NOTES TO CONSOLIDATED FINANCIAL STATEMENTS (UNAUDITED)
June 30, 1996
NOTE (1) - BASIS OF PRESENTATION
The consolidated financial statements include the accounts of First Cherokee
Bancshares, Inc. (the "Company") and its wholly-owned subsidiary, First National
Bank of Cherokee (the "Bank"). All significant accounts have been eliminated in
consolidation. Certain prior period amounts have been reclassified to conform
with current year presentation.
The accompanying unaudited interim consolidated financial statements reflect all
adjustments which, in the opinion of management, are necessary to present fairly
the Company's financial position as of June 30, 1996, and the results of its
operations and its cash flows for the six-month period then ended. All such
adjustments are normal and recurring in nature. The financial statements
included herein should be read in conjunction with the consolidated financial
statements and the notes thereto and the report of independent accountants
included in the Company's 1995 Annual Report on Form 10-KSB.
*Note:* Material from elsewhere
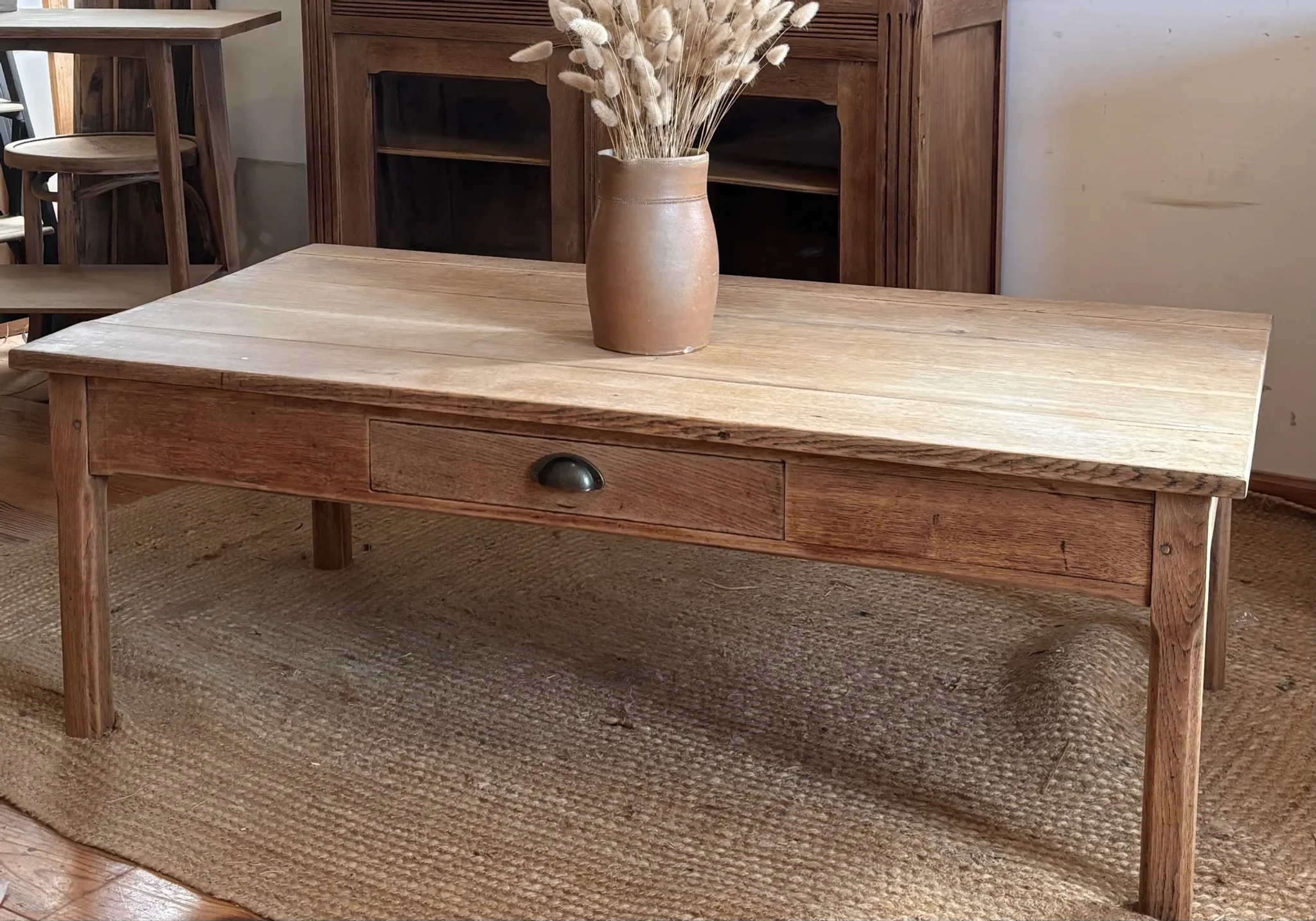 Large antique farmhouse coffee table in raw solid oak with 1 drawer.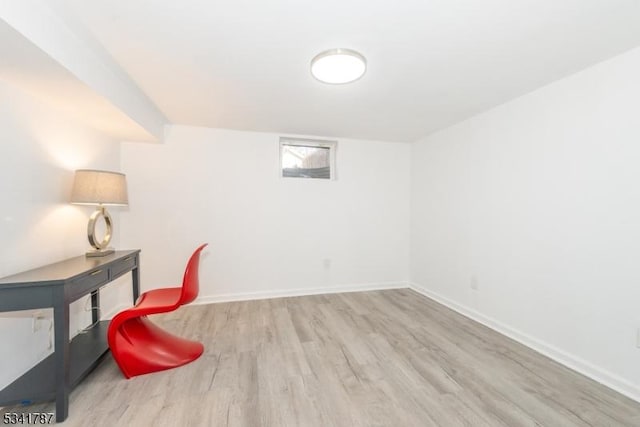 office area featuring wood finished floors and baseboards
NOTE (2) - NET EARNINGS PER SHARE
Net earnings per share are based on the weighted average number of shares
outstanding during each year including consideration of stock options and stock
warrants, which represent common stock equivalents. It is assumed that all
dilutive common stock equivalents are exercised at the beginning of the year and
that the proceeds are used to purchase shares of the Company's common stock. The
average market price during each period is used to compute equivalent shares
assumed to be acquired for primary earnings per share, whereas period end prices
are used for fully diluted per share amounts. The resulting difference in the
calculation of primary and fully diluted earnings per share is due to the
application of the modified treasury stock method, which is applied in instances
in which dilutive common stock equivalents exceed 20% of the outstanding common
stock.
6
<PAGE>
ITEM 2. MANAGEMENT'S DISCUSSION AND ANALYSIS OF FINANCIAL CONDITION AND RESULTS
OF OPERATIONS FOR THE SIX MONTHS ENDED JUNE 30, 1996
The following narrative should be read in conjunction with the Company's
consolidated financial statements and the notes thereto.
FINANCIAL CONDITION
Assets of the Company decreased $2.2 million during the second quarter of 1996
as compared to an exceptional increase of $10.7 million during the second
quarter of 1995. The decrease is primarily due to a decrease in certificates
of deposit. The Company has been working toward increasing the percent of
noninterest-bearing deposits to total deposits in order to improve cost of funds
and, therefore, is allowing certain large rate-sensitive certificates to mature.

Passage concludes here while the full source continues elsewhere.